* [MATERIAL PROVIDED]:
== Segment start ==
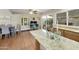 Open concept space featuring granite countertops, stainless steel appliances, and a view into the dining area at 5111 N 83Rd St, Scottsdale, AZ 85250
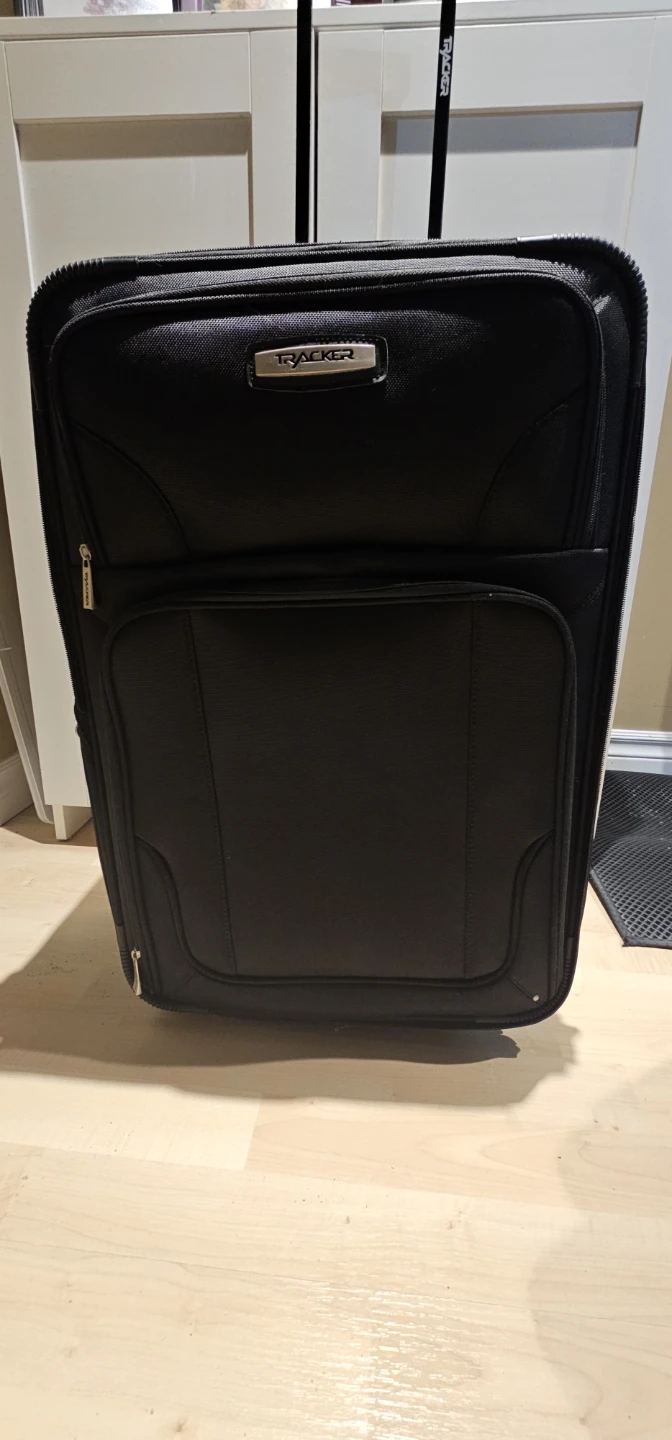 2 Tracker large suitcases
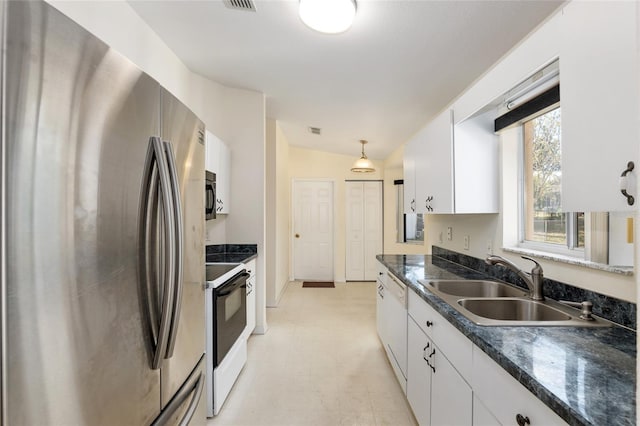 kitchen featuring lofted ceiling, sink, appliances with stainless steel finishes, decorative light fixtures, and white cabinetry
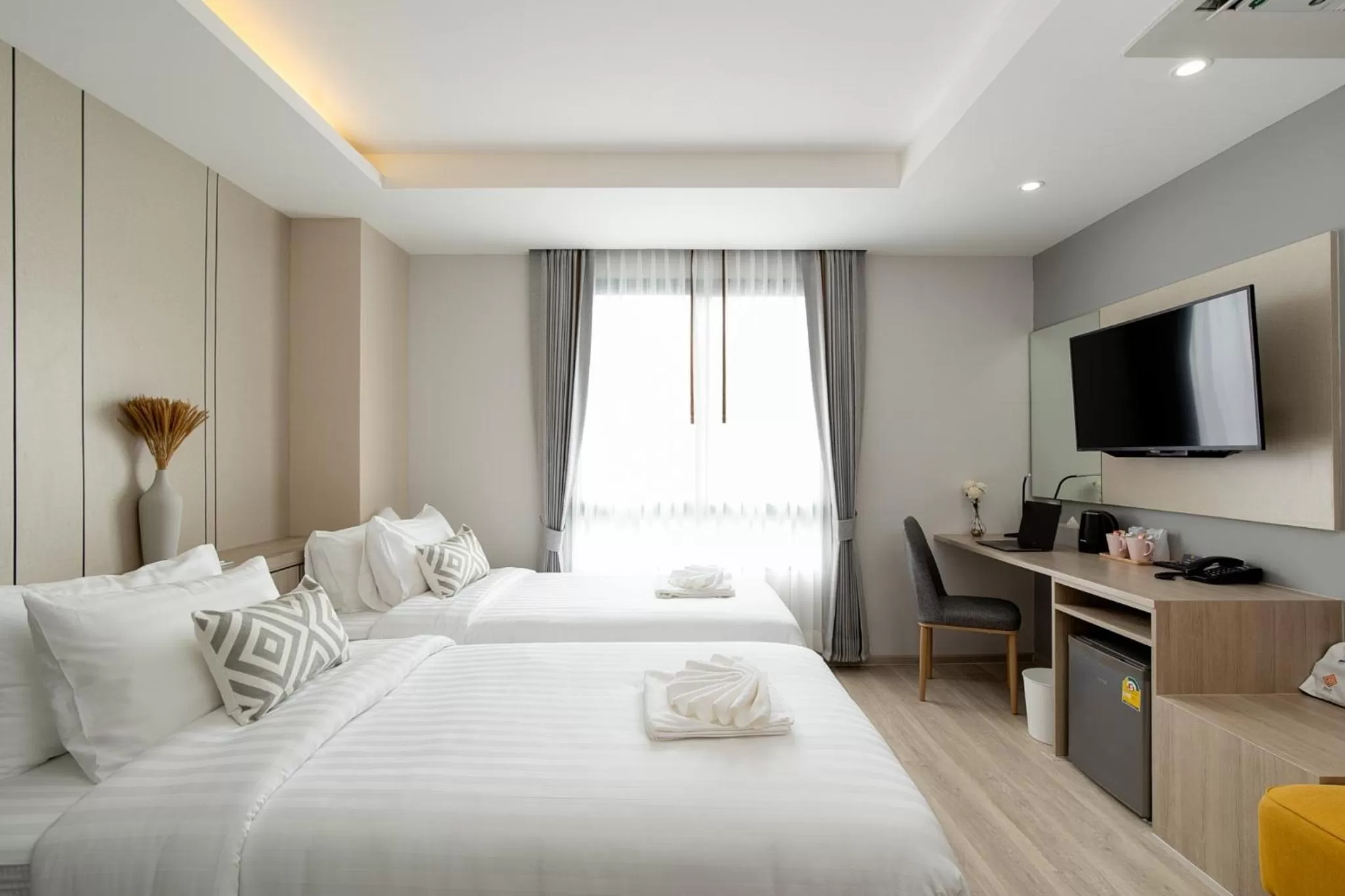 Bed in The Riski Hotel at Bangphlat Station SHA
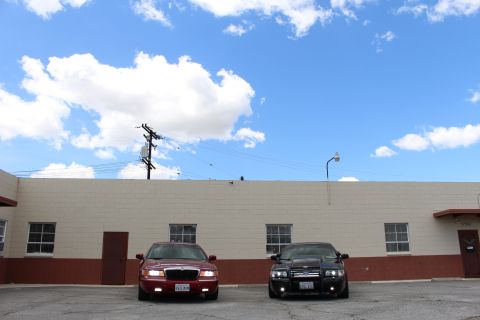 2003 Ford Crown Victoria - Distant front view of a maroon sedan and a black sedan parked together on a cracked lot under a wide blue sky.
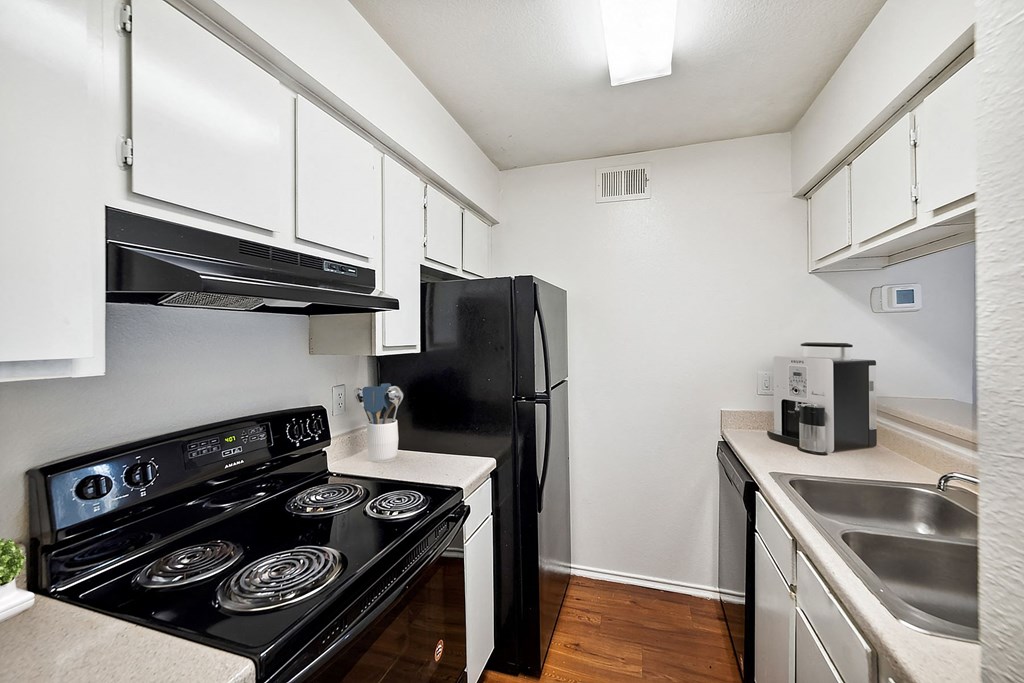 Kitchen with Black Appliance Kitchen with Black Appliance at Great Hills, Austin, TX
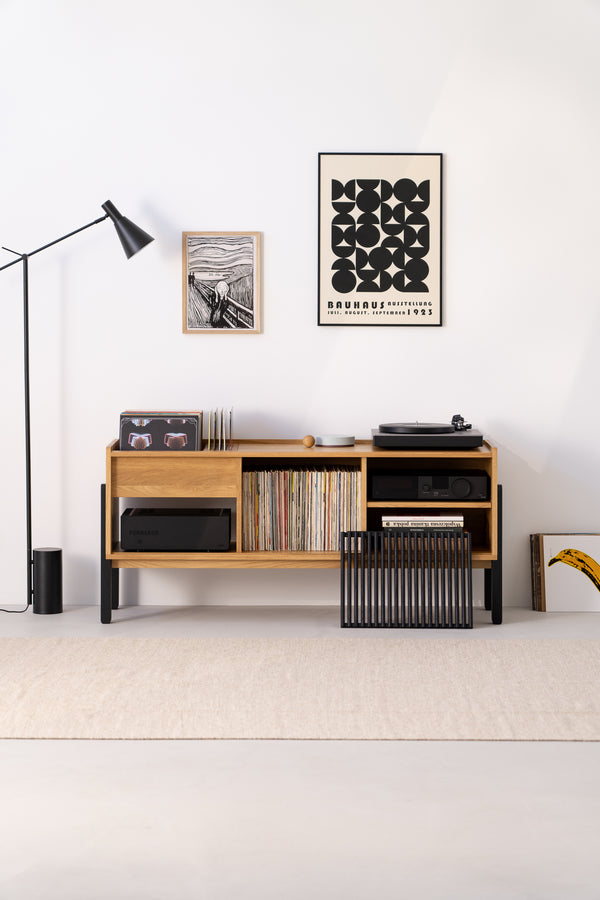 Minimalist room featuring a wooden console, vinyl records and modern wall art - a cozy space for music lovers.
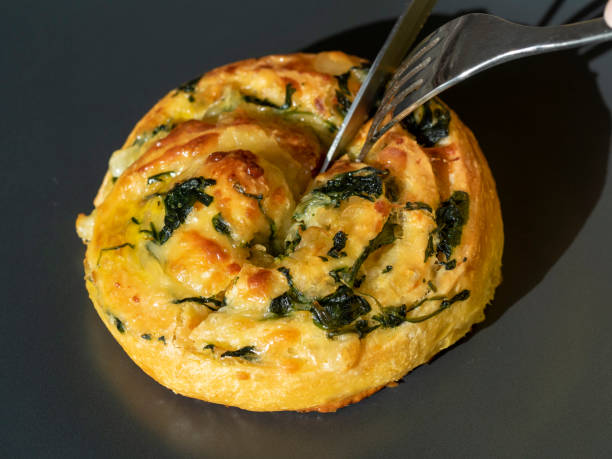 Pastry with spinach and cheese is cut with a knife and fork. Side view, close-up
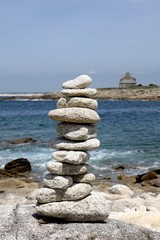 empilement de galets sur fond de ciel bleu en bretagne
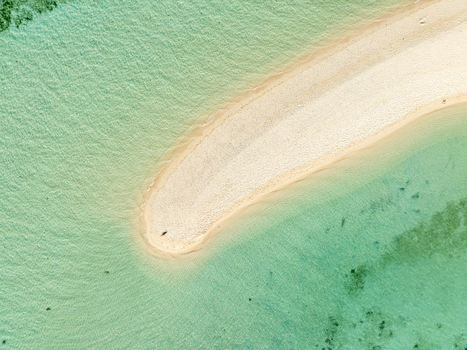 Aerial view of Malcapuya Island featuring a pristine white sandbar surrounded by clear turquoise water in Coron Mimaropa Philippines. Aerial view of Malcapuya Island featuring a pristine white sandbar surrounded by clear turquoise water in Coron Mimaropa Philippines.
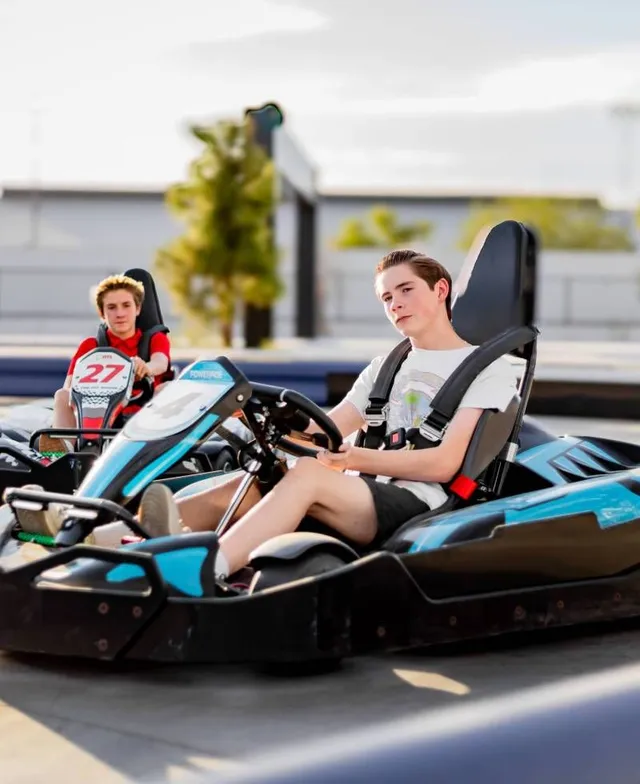 Two people driving black-and-blue go-karts on an outdoor track.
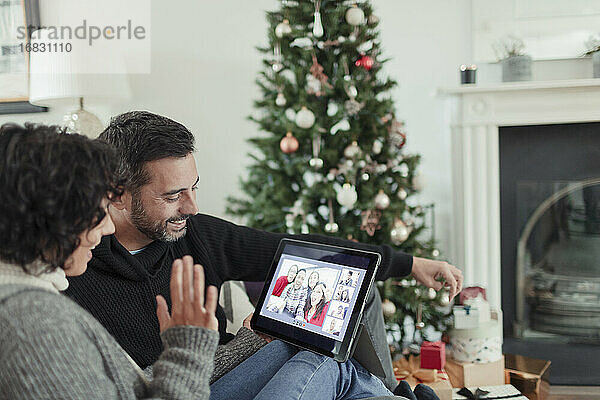 Glückliches Paar Video-Chat mit Familie auf digitalen Tablette an Weihnachten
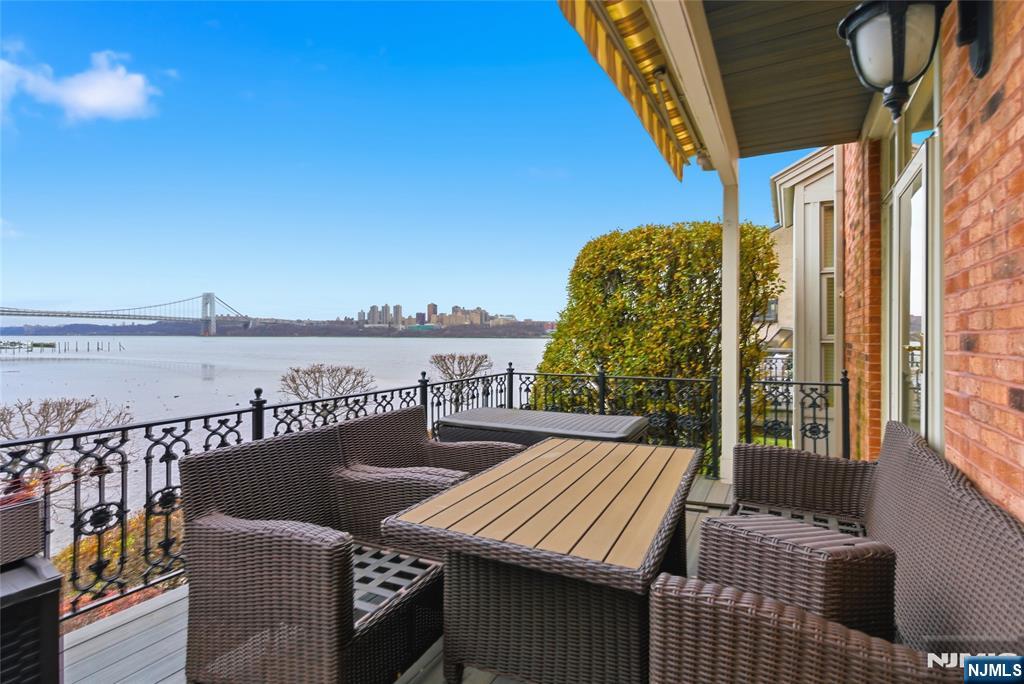 119 Hudson Cove Edgewater, NJ 07020 - Photo 12 of 44 a view of a balcony with wooden floor and iron stairs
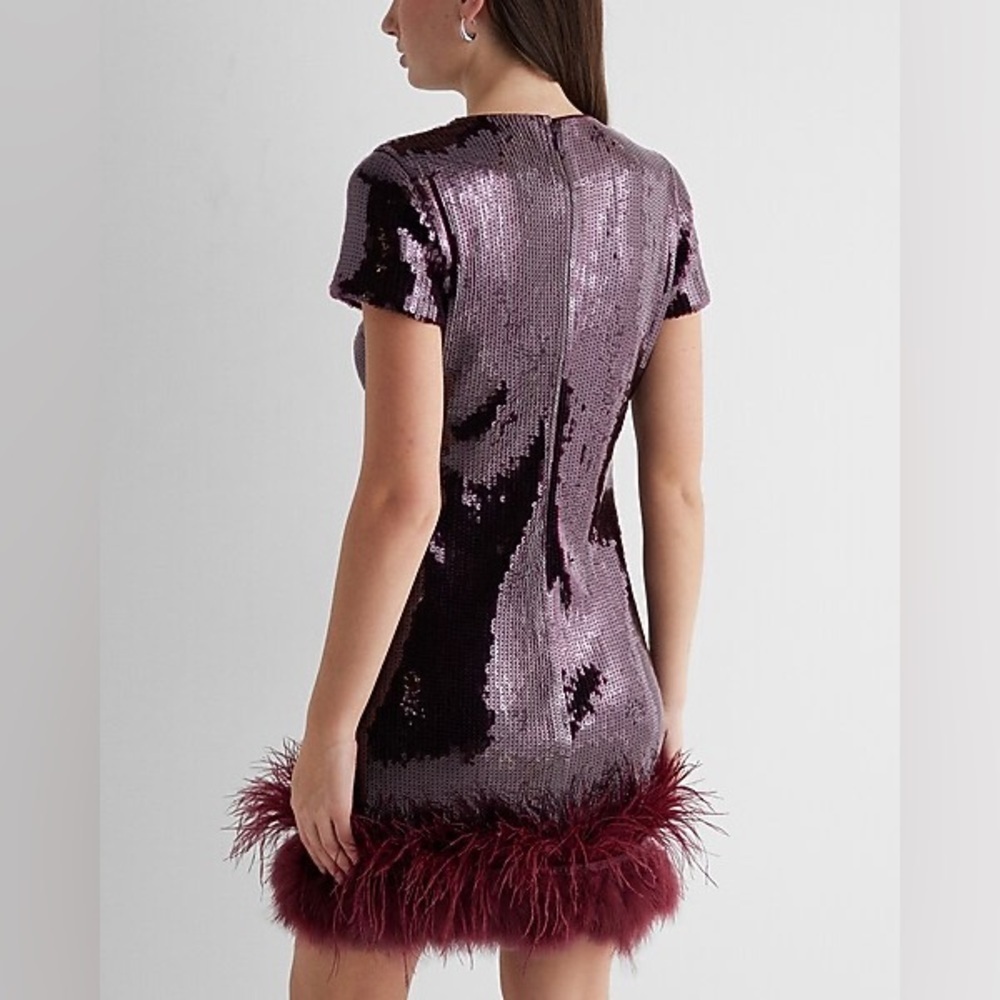 NWT express burgundy sequin feather trim
Mini dress XL $260 - Picture 5 of 9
== Segment end ==
Reproduce the lines above, exactly and exclusively, from the line containing "Minimalist room featuring" down to the last line, both included; pictures are not part of the copy.

* [WRITTEN ANSWER]:
 Minimalist room featuring a wooden console, vinyl records and modern wall art - a cozy space for music lovers.
 Pastry with spinach and cheese is cut with a knife and fork. Side view, close-up
 empilement de galets sur fond de ciel bleu en bretagne
 Aerial view of Malcapuya Island featuring a pristine white sandbar surrounded by clear turquoise water in Coron Mimaropa Philippines. Aerial view of Malcapuya Island featuring a pristine white sandbar surrounded by clear turquoise water in Coron Mimaropa Philippines.
 Two people driving black-and-blue go-karts on an outdoor track.
 Glückliches Paar Video-Chat mit Familie auf digitalen Tablette an Weihnachten
 119 Hudson Cove Edgewater, NJ 07020 - Photo 12 of 44 a view of a balcony with wooden floor and iron stairs
 NWT express burgundy sequin feather trim
Mini dress XL $260 - Picture 5 of 9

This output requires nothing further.